§ Pictures with short captions:
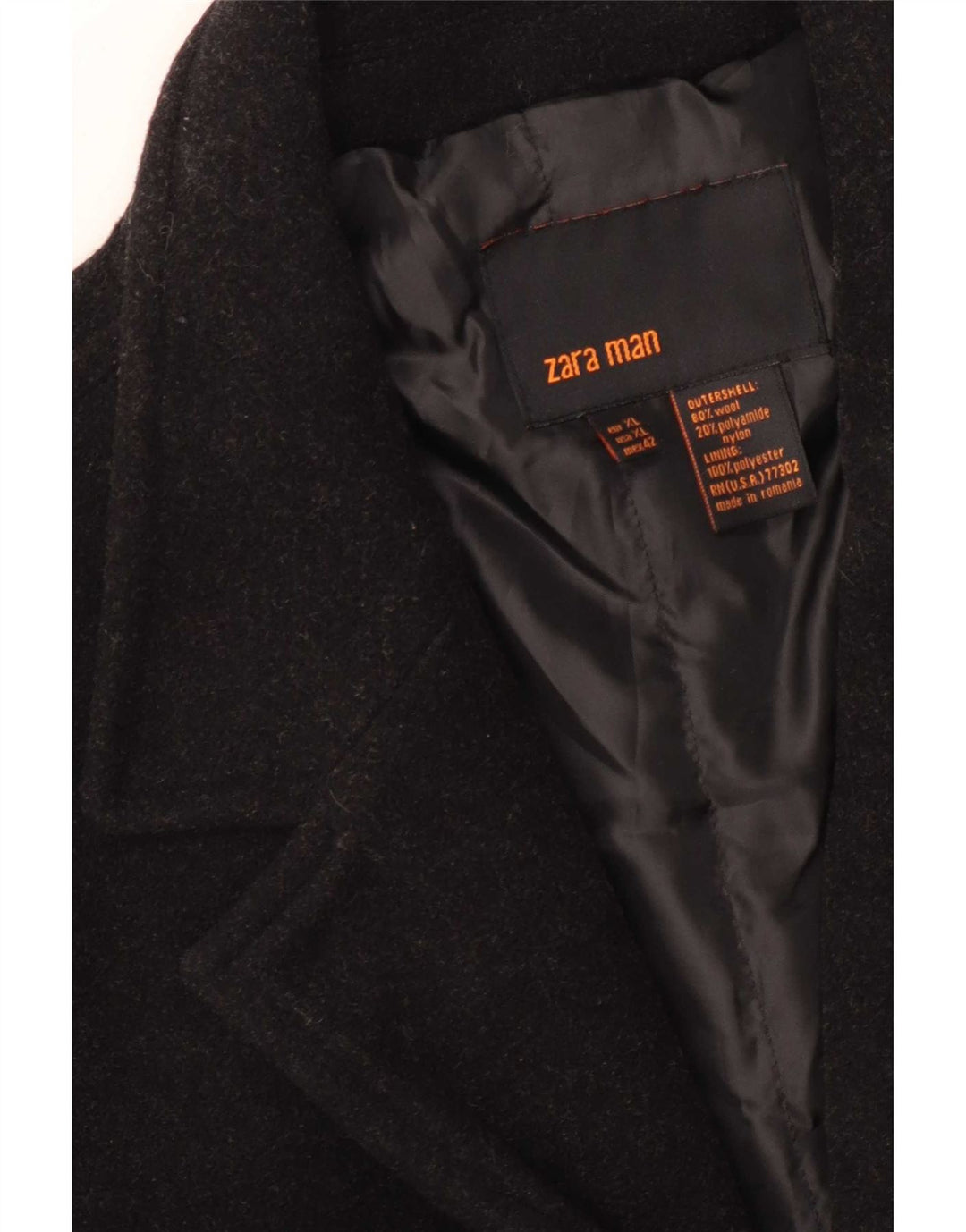 Zara Herre Overfrakke UK 42 XL Sort Uld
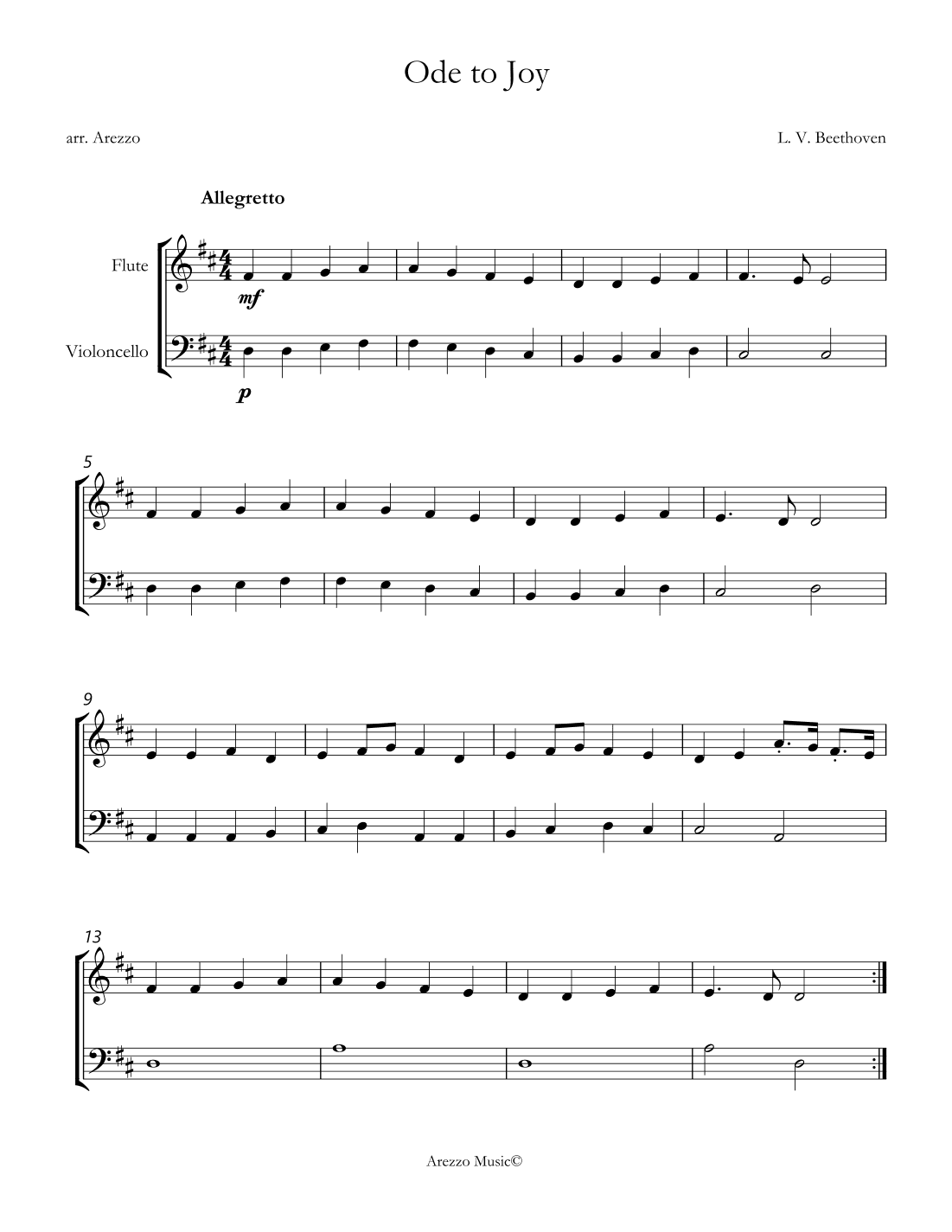 ode to joy easy flute and cello sheet music for beginners (arr. Arezzo Music)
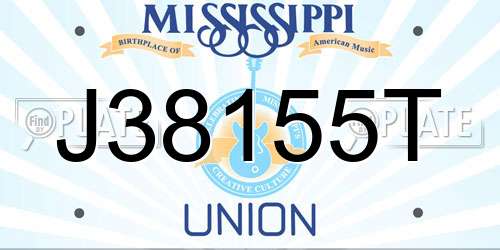 J38155T Mississippi License Plate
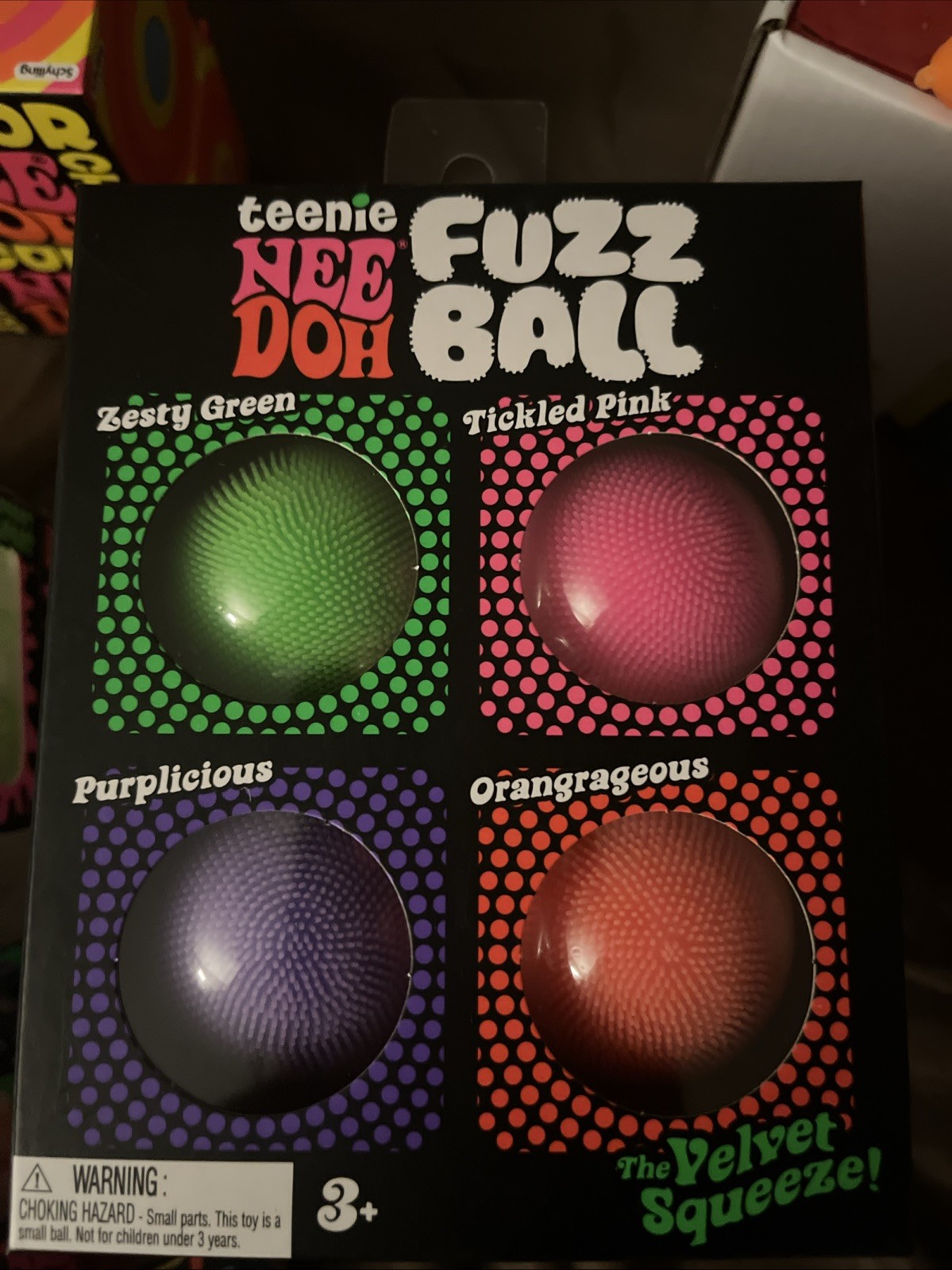 Nee Doh Teenie Fuzz Ball Green Pink Purple Orange Squeeze Toy
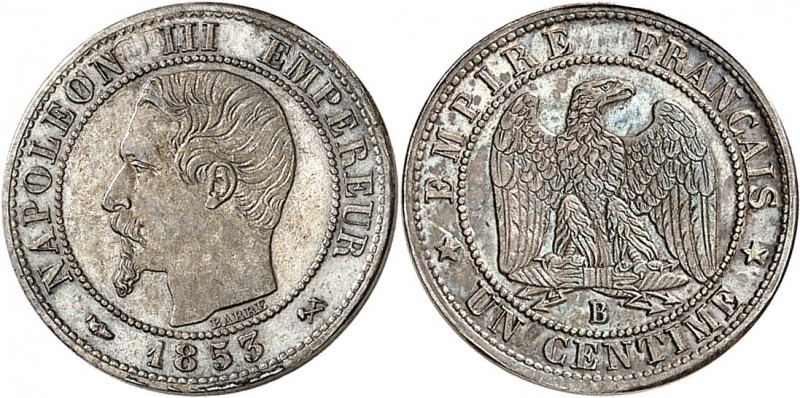 FRANCE
Napoléon III (1852-1870). 1 centime 1853 B, Rouen, essai en argent.
Av....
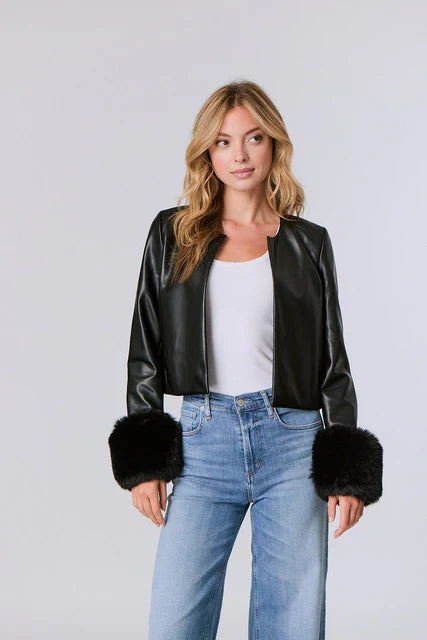 FAUX LEATHER CARDI WITH FUR CUFFS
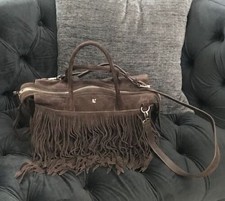 Vince Camuto Signature Kilty- Structured Brown Suede Fringe Satchel Bag Nwt $748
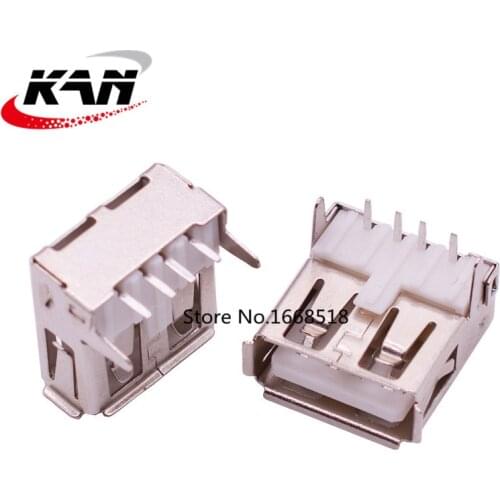 10pcs USB Type A 4Pin Female Socket Connector AF 90 Degrees Bend Pin Plug Jack DIY Connectors White
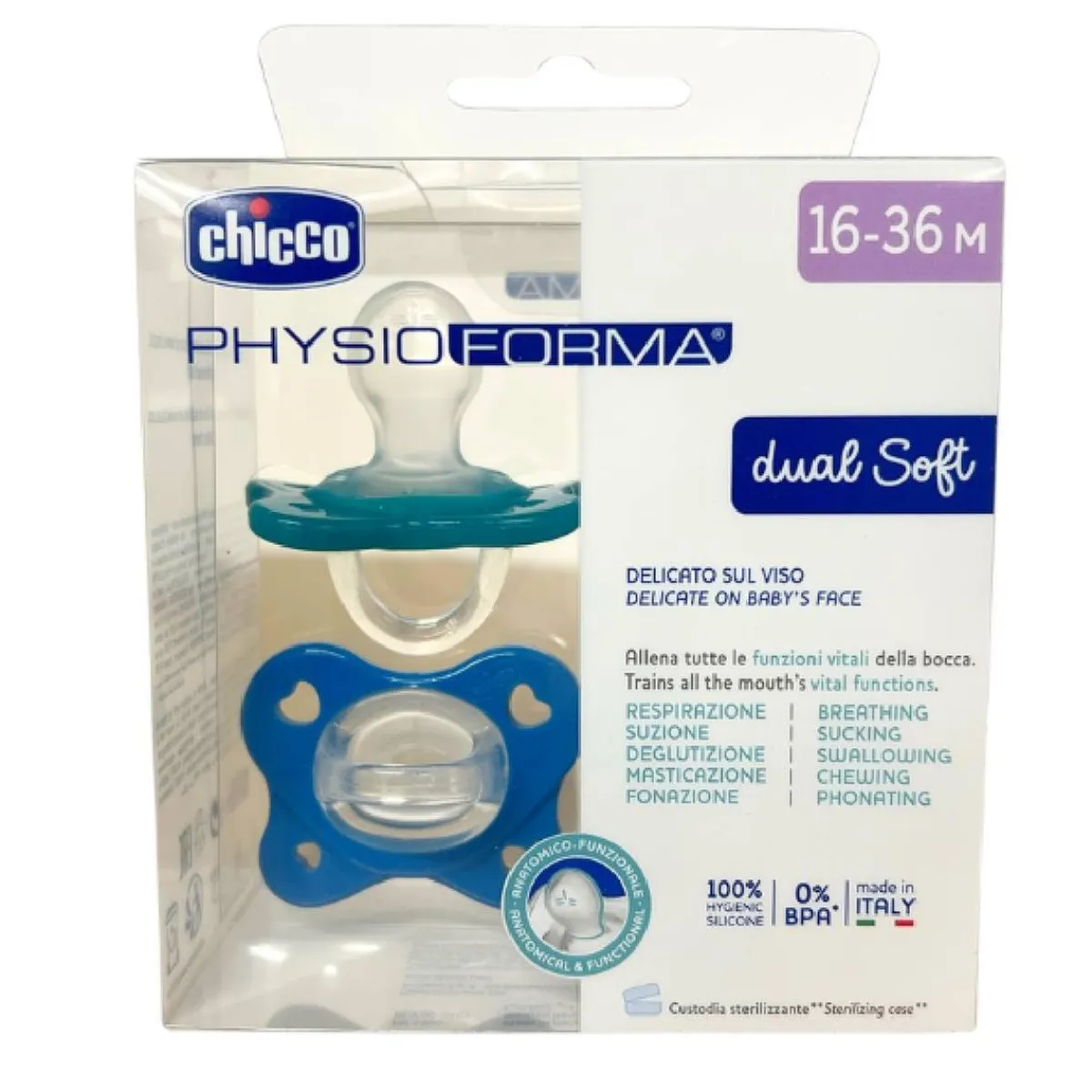 - Pack 2 Chupetes Physio Dual Soft 16-36M - Azul Biberones Y Chupetes·Chupetes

§ AIM OF THE EXERCISE: Transcribe the records above exactly, excluding every picture.

§ SOLUTION BELOW:
 Zara Herre Overfrakke UK 42 XL Sort Uld
 ode to joy easy flute and cello sheet music for beginners (arr. Arezzo Music)
 J38155T Mississippi License Plate
 Nee Doh Teenie Fuzz Ball Green Pink Purple Orange Squeeze Toy
 FRANCE
Napoléon III (1852-1870). 1 centime 1853 B, Rouen, essai en argent.
Av....
 FAUX LEATHER CARDI WITH FUR CUFFS
 Vince Camuto Signature Kilty- Structured Brown Suede Fringe Satchel Bag Nwt $748
 10pcs USB Type A 4Pin Female Socket Connector AF 90 Degrees Bend Pin Plug Jack DIY Connectors White
 - Pack 2 Chupetes Physio Dual Soft 16-36M - Azul Biberones Y Chupetes·Chupetes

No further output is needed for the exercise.